There is the relentless focus on profitability and hitting targets. When directors, executives and investors alike were celebrating superior returns in the years leading up to and following the global financial crisis, this came at a cost (refer previous paragraph). No doubt the incumbent directors would retrospectively gladly sacrifice some of these healthy returns given what they are now experiencing.
There is the failure in culture. Specifically, how can it be that, despite AUSTRAC’s warnings many years prior, CEO Brian Hartzer allegedly only became aware of some of the suspicious transactions as recently as October? Who in Westpac was aware of the issues? And why wasn’t this made known to the powers that be?

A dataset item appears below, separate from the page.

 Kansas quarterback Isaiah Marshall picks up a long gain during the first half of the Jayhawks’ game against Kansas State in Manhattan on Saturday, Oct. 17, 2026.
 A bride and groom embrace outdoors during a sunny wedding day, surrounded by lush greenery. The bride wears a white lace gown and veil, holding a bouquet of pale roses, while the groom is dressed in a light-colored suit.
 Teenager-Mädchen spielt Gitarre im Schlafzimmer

Unlike financial risks, it is very difficult to measure an institution’s exposure to conduct risk. Arguably the most reliable indicator of a conduct risk issue is the incident itself (and for obvious reasons post hoc indicators are less than ideal). An institution’s best bulwark to conduct risk is creating an environment where people feel comfortable raising concerns and ensuring these concerns are properly addressed.

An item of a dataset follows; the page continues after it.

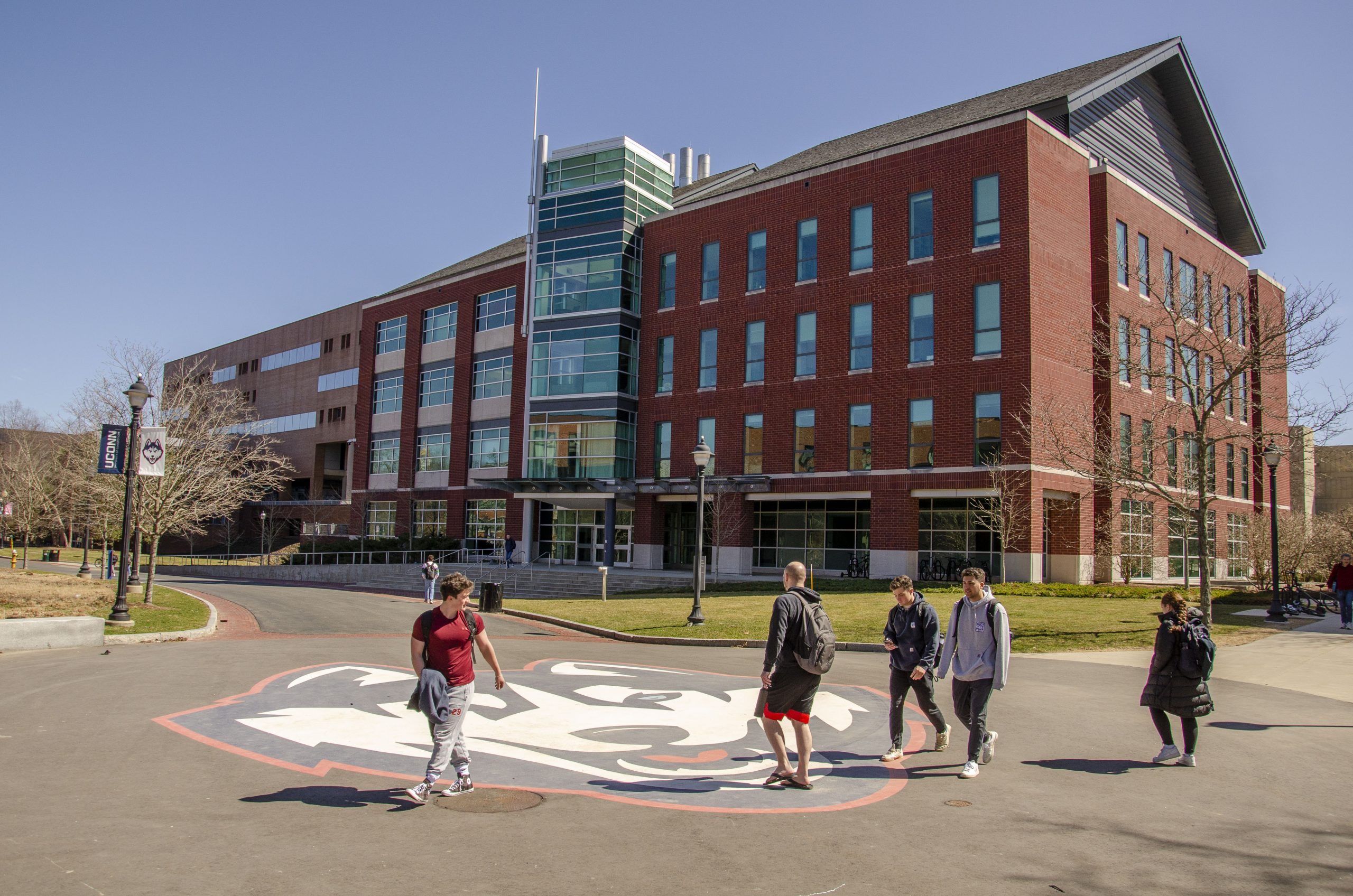 Information technology engineering building with students walking adjacent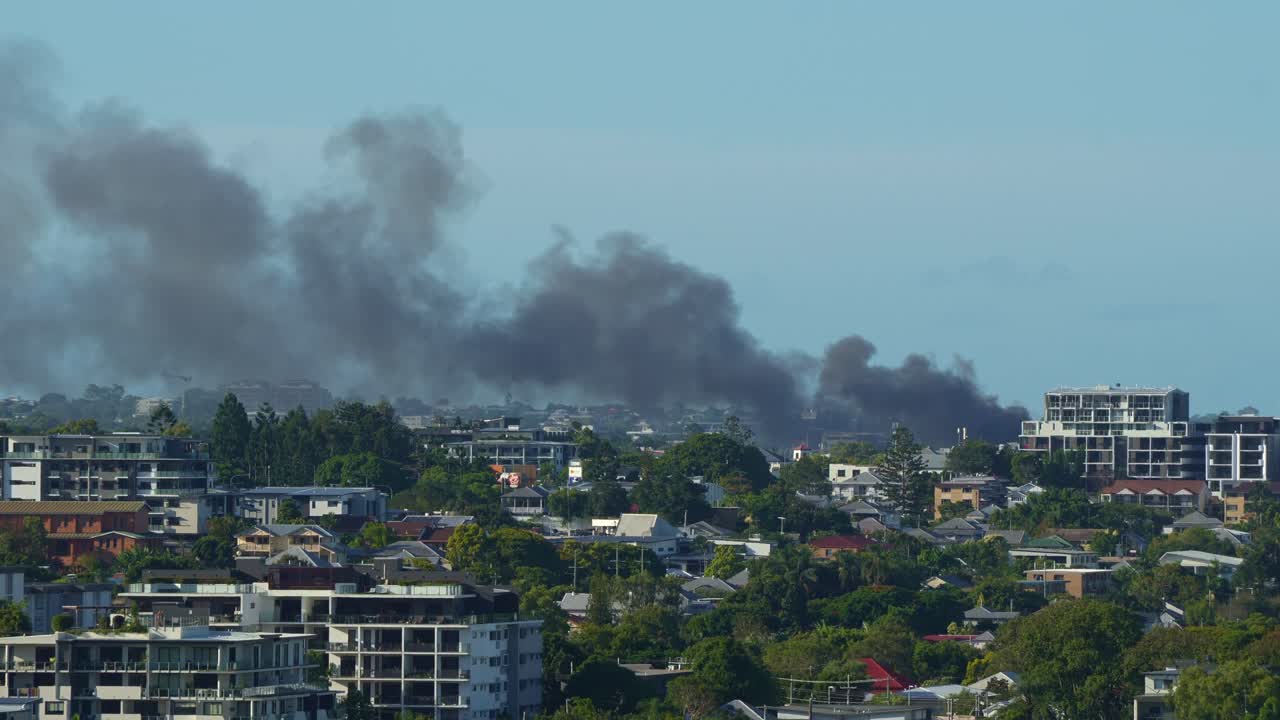 A commercial building in Kedron engulfed by a structure fire, with a thick column of smoke billowing into the air, visible from Bowen Hills.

Yet a recurring theme in all of the ethical failures in the financial services industry is that directors had no knowledge of wrongdoing and are caught by surprise. To be fair, it is impossible for boards of large institutions to know what is happening in every corner of the organisation. But more often than not the messages that matter either don’t reach the board or are delivered in a form that sugar coat reality.

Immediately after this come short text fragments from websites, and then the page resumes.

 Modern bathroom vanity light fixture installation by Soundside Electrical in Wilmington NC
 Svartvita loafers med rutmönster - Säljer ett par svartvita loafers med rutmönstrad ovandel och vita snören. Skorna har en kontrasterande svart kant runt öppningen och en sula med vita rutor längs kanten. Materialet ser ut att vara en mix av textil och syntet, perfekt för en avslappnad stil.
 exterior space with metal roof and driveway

Overcoming this and understanding what role (if any) they play in abetting it is a key challenge for directors.
Finally, there is accountability. In the years preceding the Royal Commission, accountability was lacking in the financial services industry. Despite there being no shortage of incidents demanding that someone take responsibility, there was no willingness amongst boards and executives to accept it or regulators to assign it.
The FX trading scandal at the NAB, an incident in which I was publicly named as a "whistleblower", arguably still stands as the paragon for accountability in the financial services industry. After an independent review was completed, four traders and their superior were dismissed and a number of other senior executives (including the chairman and CEO) resigned.
Comparisons are odious, but it is difficult to find another example where an institution has responded so swiftly and unequivocally in the aftermath of an ethical failure. Therefore, the steps legislators and regulators have taken to address the lack of accountability should be welcomed – it is an important piece of the integrity puzzle. When designing systems that are more resilient to ethical failure, an important feature is that consequences are associated with wrongdoing.
But in some ways, the events of the past week also call for some reflection. It is natural in the current environment for the pendulum to swing. Accountability is rightly demanded. But the public outcry and baying for blood created the impression that nothing short of a public execution would suffice, regardless of the underlying circumstances or the outcome of an investigation.
To be sure the allegations against Westpac are significant. If proven, no CEO could justify their position. And I am all for honourable resignations. But as the NAB FX scandal also illustrated, some form of due process should apply. If resignations are demanded prior to proper independent investigations being completed, we are inviting a whole raft of other issues.